What do we measure with unequal or equal number of scale points? The midpoint problem and the left-right scale.
Heinrich-Heine-Universität Düsseldorf, Germany
According to the multitrait multimethod experiment, the 11-point produces the highest validity of left-right data (Kroh 2007). Although the unequal 11-point scale achieves better results, “„it will lead to both overestimates of the degree of opinionation in the population and the ordinality assumption that researchers typically invoke when analysing bipolar response scales” (Roberts & Smith 2014) remains without validation. In this paper, we used in an population survey a category follow-up probe administered to respondent who initially select point 5 (metric center) in the 9-point and who select point 5 (imagined center) in the 10- point left-right scale, to determine whether they selected this alternative in order to indicate distinct opinion, or to indicate that they do not have an opinion on the issue (position). According to the midpoint problem the question comes up, do equal or unequal scale work better? On the one hand, there is evidence that the midpoint encourage people without information (indifference) to admit it. On the other hand, offering or excluding the midpoint option doesn’t substantially influences results.

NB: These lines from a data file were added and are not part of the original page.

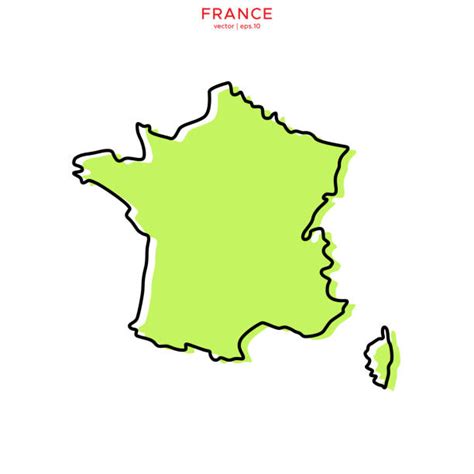 carte de france design stock illustrations graphiques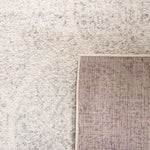 Charger l&#39;image dans la visionneuse de galerie, Tapis d&#39;intérieur carré Safavieh Madison Austen, ivoire/argent, 2,7 m x 2,7 m
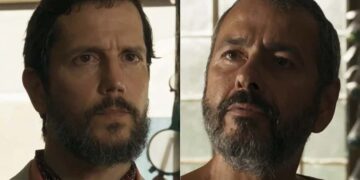 Egídio e José Inocêncio em Renascer. (Foto: reprodução)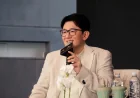 Bang Si-hyuk and Grainge hold 90-minute HYBE town hall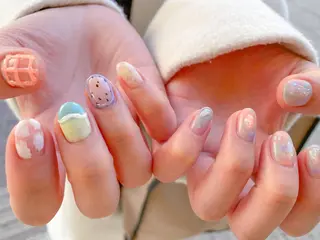 ネイル 表参道colore店 REICAのネイルデザイン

We find in our CATI survey – conducted in 2016 – the vast majority of responses turn out to be what they initially selected. About every fourth reallocate the responses (e.g. no answer, d.k). About every third can be assigned on the LR-Scale. The respondents remaining in the center (may be genuine neutral or endorsement of the status quo) is moderate. Against this background, a different approach – may be a multistage measure (?) – should be taken into consideration.